24 September 2008

Finnished

I don't like to write about killers. In my opinion they don't deserve publicity and are getting already too much as it is, especially from the sensationalist tabloid papers and certain private TV stations.

And this is not about the 22-year-old Finnish man who ran amok yesterday in the local vocational college of Kauhajoki (photo left), about 330 km north-west of Helsinki. (As it happens, I know the place from a visit there, many years ago. And I would never have thought that it would ever make headlines in the world's media. But these days no place, no matter how remote it is, seems to be safe any more...)

No, this is about gun control. We all know how appalling the system of free guns for all is in the USA and how often we hear of massacres from there. Nevertheless a significant part of the American people still cannot see sense and insists on universal gun ownership as a principle right.

Well, I am not an American and don't live in the USA. And I even refuse to set foot on US soil since the coup d'etat that brought George W. Bush to power in 2001. So I am not really concerned with the USA as such, except that it concerns me how their policies have an ever growing influence on the rest of the world.

Here in Europe more and more people have an American lifestyle and misbehave in the same way as they see it done by Americans in films and on TV. But fortunately we have very strict gun-control laws, which means that few people are allowed to own guns and massacres carried out by mad people are very rare.

Finland, being a large country with a small population, has strict gun laws as well. But since it is very densely forested and many people live in rural and rather wild areas, the policy of allowing gun ownership (especially for hunting rifles) is somehow more relaxed than in other European countries.
However, yesterday's massacre, which was carried out with a handgun, has woken up the Finnish people and started a discussion about the matter. And that is a good thing in the wake of a very bad and tragic day.


Finland's President Tarja Halonen (photo right) called the incident "shocking and sad", and one can expect changes to the country's gun laws in due course.
"We have to have very serious discussions and studies on what to do," she told a news conference on the sidelines of the UN General Assembly, which she currently attends.

"Among the topics for discussion will be general gun control and the differences between hunting rifles and handguns," said Finland's Foreign Minister Alexander Stubb.

So it is not unlikely that liberal gun ownership in Finland might end soon, and the idea that anyone can run around toting a loaded gun - as it is still the case in the USA - is finished for good.

The Emerald Islander

2 comments:

Anonymous said...

When guns are outlawed, only outlaws will have guns.

Gun control is only effective with a compliant and complacent populace. Criminals, having no compunction to obey the law, will scoff as guns are "banned".
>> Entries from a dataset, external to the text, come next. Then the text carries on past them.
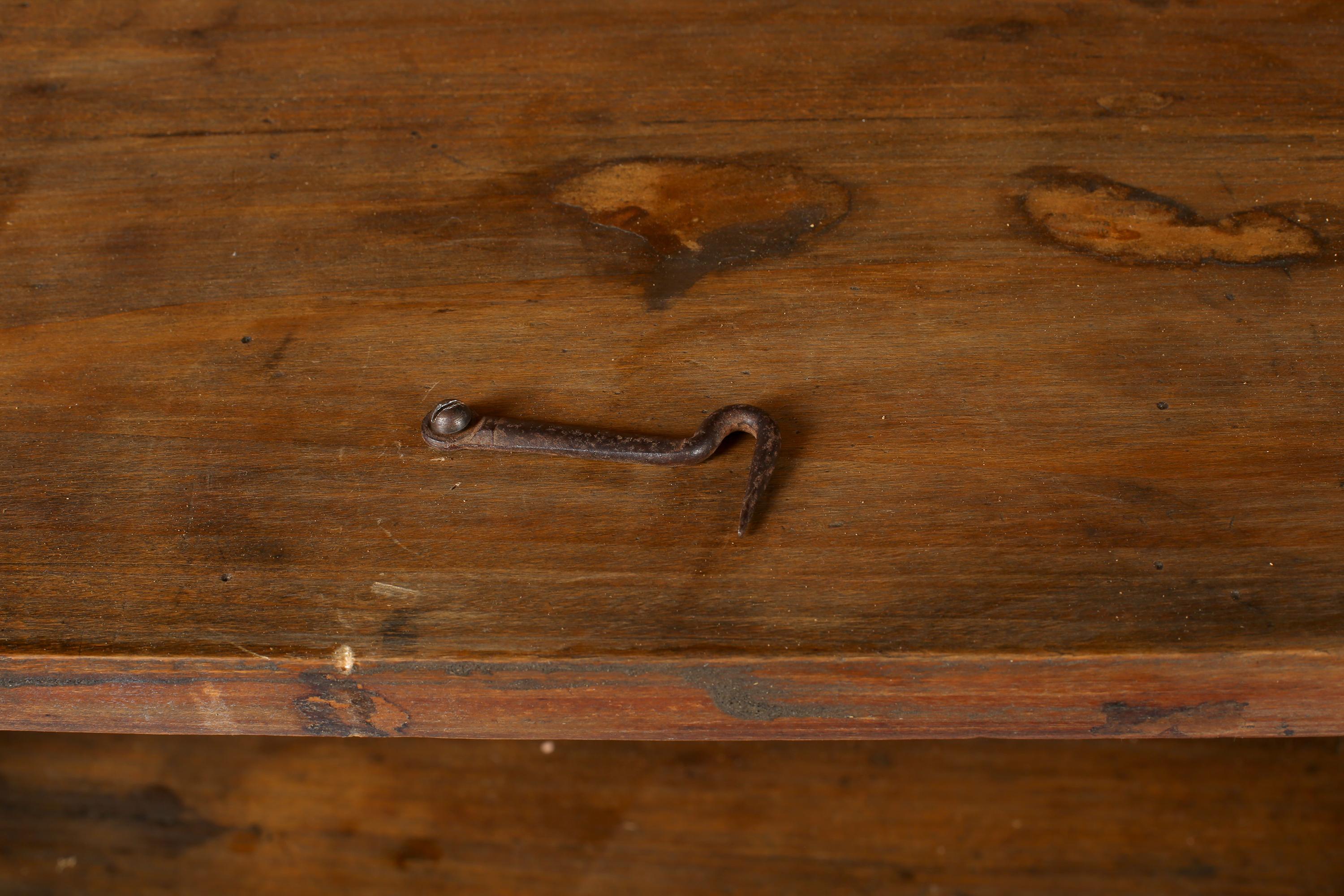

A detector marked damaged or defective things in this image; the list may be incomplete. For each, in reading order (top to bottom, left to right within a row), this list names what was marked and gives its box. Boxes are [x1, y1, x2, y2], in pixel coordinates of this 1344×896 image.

rust spot [946, 18, 1038, 41]
rust spot [1097, 91, 1172, 116]
rust spot [551, 161, 844, 311]
rust spot [1021, 167, 1328, 266]
rusty metal hook [419, 400, 780, 532]
rust spot [297, 672, 411, 736]
rust spot [1091, 698, 1247, 736]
THE EMERALD ISLANDER said...

Well, it all is a question of general attitude, education, the law and its enforcement.

There are plenty of countries where criminals are punished a lot more severely when they commit a crime with an illegal gun. It does work, as long as the laws are there, the police has enough power and the people in general are peaceful and positive.

As Finland is such a country, I am sure it will work there and we will not hear of many more cases like the one that happened yesterday.

The USA, in contrast, are a very violent and greedy country, and have been so throughout her entire history. That is a much bigger and more serious problem, and I cannot see an easy solution for the USA in the foreseeable future.

Private gun ownership in the USA will become a real threat for the whole nation if there is another civil war (which I expect and have already predicted).